First and foremost, our food environment. We can’t walk out of the house without being confronted with chips and sodas and fast food restaurants. We are evolutionarily hard wired to seek fat, sugar and salt. For most of human history this was a good thing. It enabled us to survive through hardship. But now we live in an environment of abundance and ease. The onus to stay healthy is mostly put on individual responsibility. It’s up to you to make the right choices instead of the bad choices. Well, forget that! [Laughs] You cannot make the right choices when your genes are screaming at you all day long to consume these things and we live in an environment that is shoving them in our faces. We have to shift the focus away from individual responsibility to changing our food environment: to minimizing junk food marketing and shifting the economic incentives to produce junk food, towards making healthier choices not only easier, but unavoidable. It sounds like a pipe dream. But it can be done.
Picture of a 99-year-old man walking in Ikaria Island, Greece
In Ikaria one of the main means of transportation is by foot. A 99 year old man takes his daily three mile walk to tend his goats.
PHOTOGRAPH BY GIANLUCA COLLA, NATIONAL GEOGRAPHIC CREATIVE
What lessons of Blue Zone living can our readers bring home?
First of all, we have Blue Zone food guidelines, which offer a clear prescription for what we ought to be eating if we’re interested in living to 100. Number two: we ought to take a hard look at our social networks.

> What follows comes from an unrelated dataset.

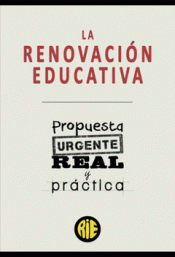 Imagen de cubierta: LA RENOVACIÓN EDUCATIVA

If your friends are sitting on the couch eating Doritos, there’s about a 150 percent chance that you will be, too. Number three is to get really clear about your purpose in life. According to Gallop, fewer than a third of Americans are doing what they love at work. So, if you’re not living out your purpose at work, you’d better be doing it at home or in your extracurricular or volunteer activities. I’ll add a fourth one – and this is a disruptive. Think about where you’re living.
Statistically speaking, where you live is the biggest, non-genetic influence on how healthy you are. If you’re living out in a suburb around a forest of junk food places, you’re not going to escape un-healthiness. You can live in a place live Binghamton, where about 37 per cent of the people are obese and they have very lax food policies. Or you can go to a place like San Luis Obispo, where there is 11 percent obesity and their leaders said a long time ago: we’re going to bring in policies that help our people eat better. Lo and behold, decades later, they’ve achieved it. We’re working with 23 cities that have enacted food policies. Every city has the capacity to do this.

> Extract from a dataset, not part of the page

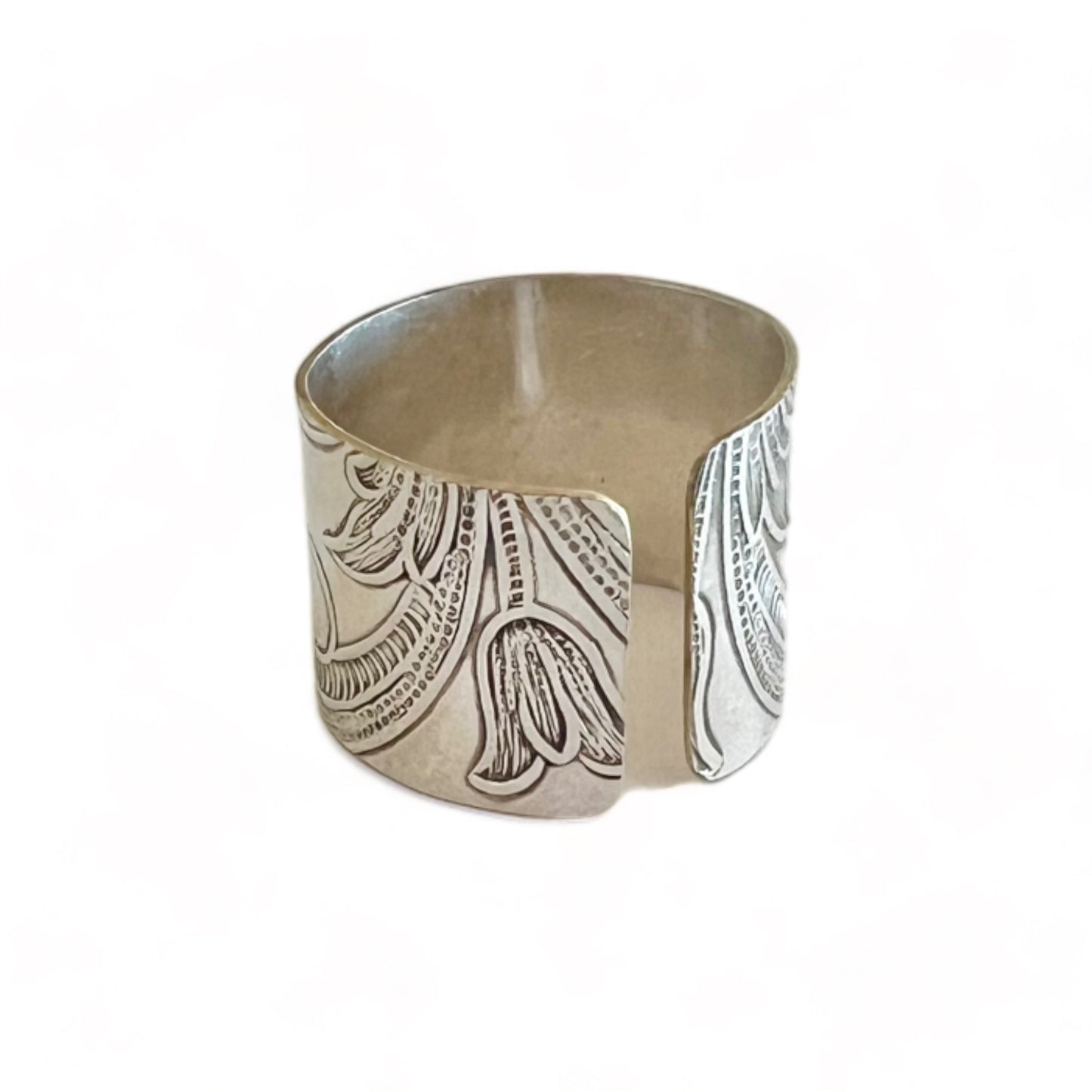 Silver and Brass Vintage Cuff Ring Size 11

You must have had some wonderful times going around the world to these different Blue Zones. What was the high five moment?
Exploration is more than about someone going to a place and making observations, which will sell magazines or books. Where exploration really earns its keep is when it improves the human experience, or adds to the body of knowledge to make our lives better. The first American city where we took observations from the Blue Zones and applied them was Albert Lee, Minnesota. In so doing, we raised life expectancy by three years and brought health care costs down by 40 percent. That was the big high five moment.